すると、実際に同ビーチへの立ち入りは自由で、基地の監視カメラは筆者の動きを追って作動しているものの、ケーブルの位置は陸上からも確認でき、近づくことも容易だった。
有事の際、切断、破壊工作などの対象となることを考慮すれば文字通り「無防備」というほかない。
海上自衛隊沖縄海洋観測所(右)隣接ビーチでの陸揚げが確認できる海底ケーブルのライン。コンクリートで保護されている=2024年7月2日、沖縄県うるま市勝連平敷屋(筆者撮影)拡大画像表示
上記写真と同じ場所を写した別カット。陸揚げ部分がコンクリートで保護され、舗装道路のように見える海底ケーブルのラインが、白波の沖までまっすぐ伸びていることが陸上からも確認できる(筆者撮影)拡大画像表示
海上自衛隊沖縄海洋観測所隣接ビーチでの陸揚げが確認できる海底ケーブルのライン。前掲の写真とは異なるもう一本のケーブルだ=2024年7月2日、沖縄県うるま市勝連平敷屋(筆者撮影)拡大画像表示
台湾、トンガ…ケーブル切断の影響甚大
海底ケーブルの破壊・断裂は国防面だけでなく市民生活の面にも大きな被害をもたらす。
台湾では2023年2月上旬、中国・福建省福州市に近い離島・馬祖列島で、台湾本島を結ぶ通信用の海底ケーブル2本が相次いで切断され、島民の生活に支障が生じる事態となった。偶然の事故か意図的な切断かは不明ながら、直前に航行した中国漁船と貨物船が関与したとみられており、台湾当局は「台湾有事」を念頭に、台湾本島などでも同様の事態が発生することも想定し、バックアップ用の衛星通信強化などの対策を急務としている。

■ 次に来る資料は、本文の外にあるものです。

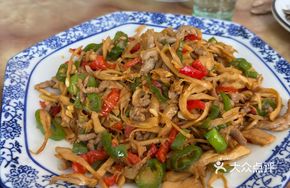 Pork and Dried Bamboo Shoots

国際ケーブル保護委員会(ICPC)では、切断や破損は、船舶の錨や漁船の地引網、地震などを原因として世界各地で年間150件、日本周辺でも年間約10件程度起きているとしている。南太平洋・トンガ諸島では2022年1月に発生した海底火山の大規模噴火で、発生後数日間、同島の通信が途絶し孤立したことは記憶に新しい。